I started the book from the ground up with the plant and research on it, then moved to roasting and making coffee, and then to a third section on coffee and health, including the social/political challenge that coffee posed when it first appeared in Arabia and England. I asked why coffee has become so popular even in tea-drinking cultures. To answer that I used the concept of sophistication from an early date to the present, for which I even evoked French theorists. A lot of my task was to take a mass of information and sift through it to decide what was really new, what was important for the industry, and what I could present clearly. One of my particular interests was to take a detached look at organic farming, which has been romanticized.

What kind of reader did you have in mind as you were writing the book? Who is the target audience for this resource?

I wanted to write a book that any literate person could read, so I tried to make everything simple but not too simple. Perhaps I have some knack for that approach, developed over a long period of teaching and writing. I remember an old Department of Agriculture slogan, “put the fodder down where the calves can get at it.” No offense to calves or anyone else; in fact, I hope that experienced people in the industry will find my book handy in some ways. I also hope that the book will appeal to people interested in globalism, social and political justice, eco-tourism, sustainable agriculture, public health, and the concept of sophistication as it relates to food and drink.

How did you become interested in coffee? How are you involved in the coffee industry today?

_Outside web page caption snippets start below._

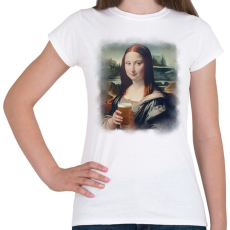 PRINTFASHION Mona Lisa sörrel - Női póló - Fehér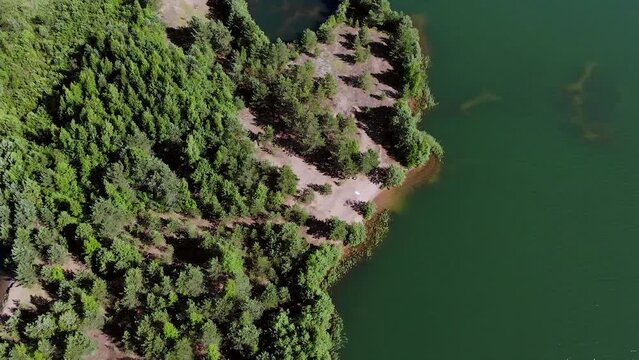 Lake Slavyanka. Leningrad Region. Russia. Drone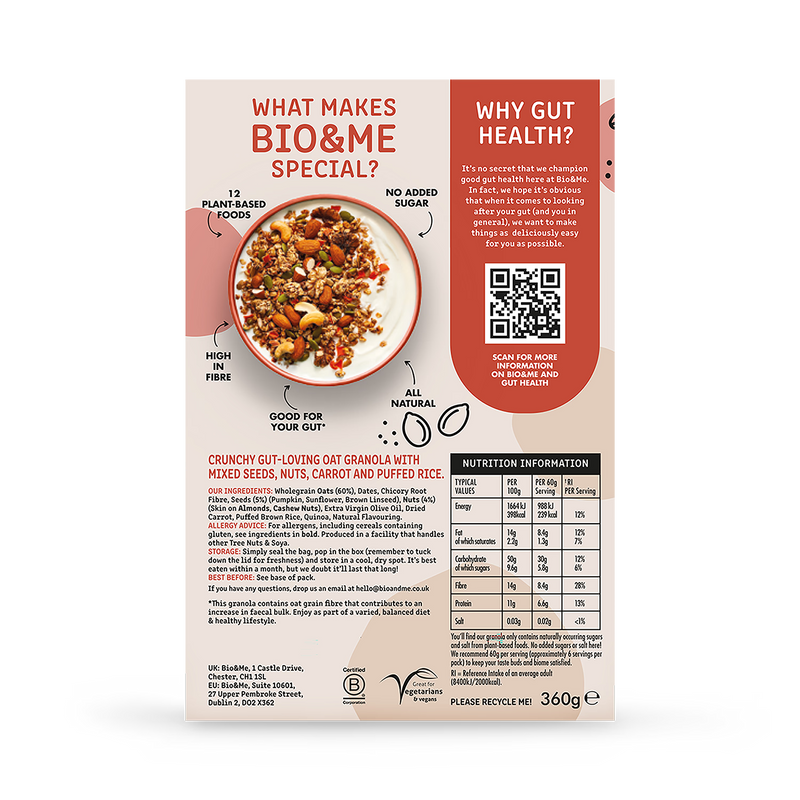 Bio & Me Super Seedy Nutty granola 360g - British product
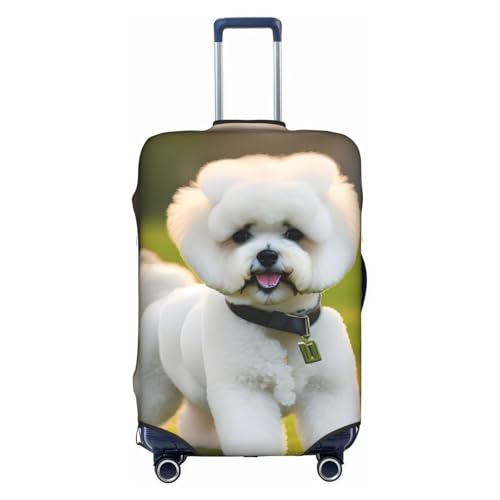 Valise Bichon Frisé : housse élastique imprimée pour voyager avec style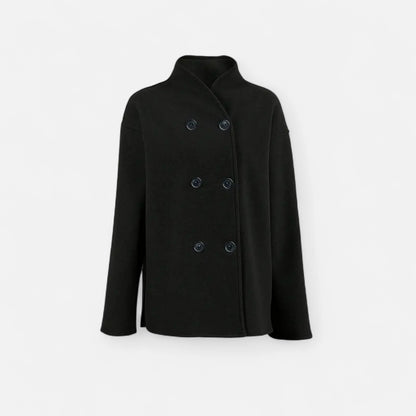 Donlois | Women’s Coat – Elegant Double-Breasted Beige Style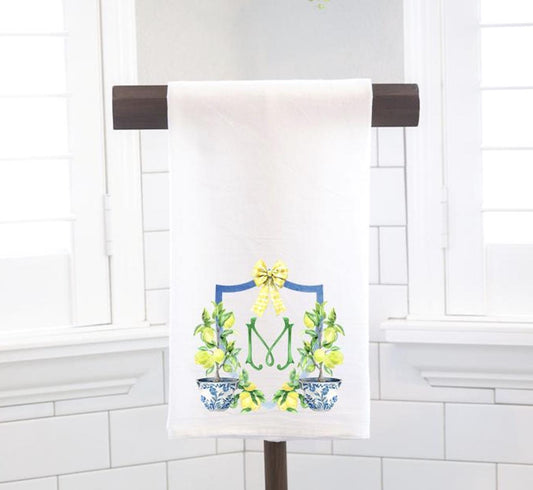 Personalized Custom Lemon Chinoiserie Wedding Crest, Palm Beach Flour Sack Tea Towel - Preppy Gift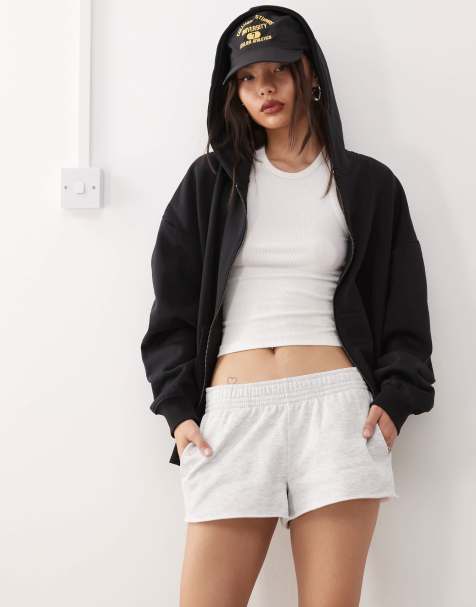 COLLUSION – Gråmelerade, mikrolånga mjukisshorts - view 1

Everyone in the industry remembers the first cup of good coffee. I had mine long ago, when I was a grad student. Then, still decades ago, someone gave me a burr grinder. That made me look for good beans. In about 2002, when I was a history professor, I decided to teach something that involved globalization and brought the past right up to the present — coffee was an easy choice. My university then, Miami (Ohio), funded my first trip to origin, in 2004, to Ethiopia and Kenya. I was terribly ignorant, but people were great about my dumb questions. Then, given my rising desire to get my hands dirty and to see if I could make a business work, I found several partners and opened a roastery/coffee bar, Oxford Coffee Company, in 2012. Talk about a learning curve! Things were pretty complicated for a while because I was still teaching; I retired from that in 2015. But I have various projects going and hardly feel retired, although I don’t make many lattes these days. My daughter runs the company, and we get along well in the business.

What do you love most about coffee?

Several things: that I can appreciate all that goes into the product from the earth up, and I understand much about the difficulties that farmers have to deal with (and about which I am very worried); the endless possibilities in cups of coffee; flavors and subtle finishes, etc., continue to surprise and delight me — if the beans are good and all has gone well to the point of making the liquor.

How do you make your coffee at home?

I bring beans home from my store and keep them in their bags, rolled up tight, in a cabinet. Each time I make a cup or pot, I weigh the beans, grind them in a good burr grinder, use a dripper cone and paper filter, wet the filter, toss that water out, reweigh the ground beans, dump them into the filter, wet the grounds with filtered water just off the boil, let that sit for 20-25 seconds, then do three pours of water until I reach a ratio of 15 grams of water per gram of ground coffee. I keep the cup and filter cone on the scale while I pour. For more than one cup, I use a Chemex. This process is not wasteful, I think, because I compost the used grounds and filters together. I like the ritual of making coffee with this much care. It’s good to be a little nuts about something in our lives.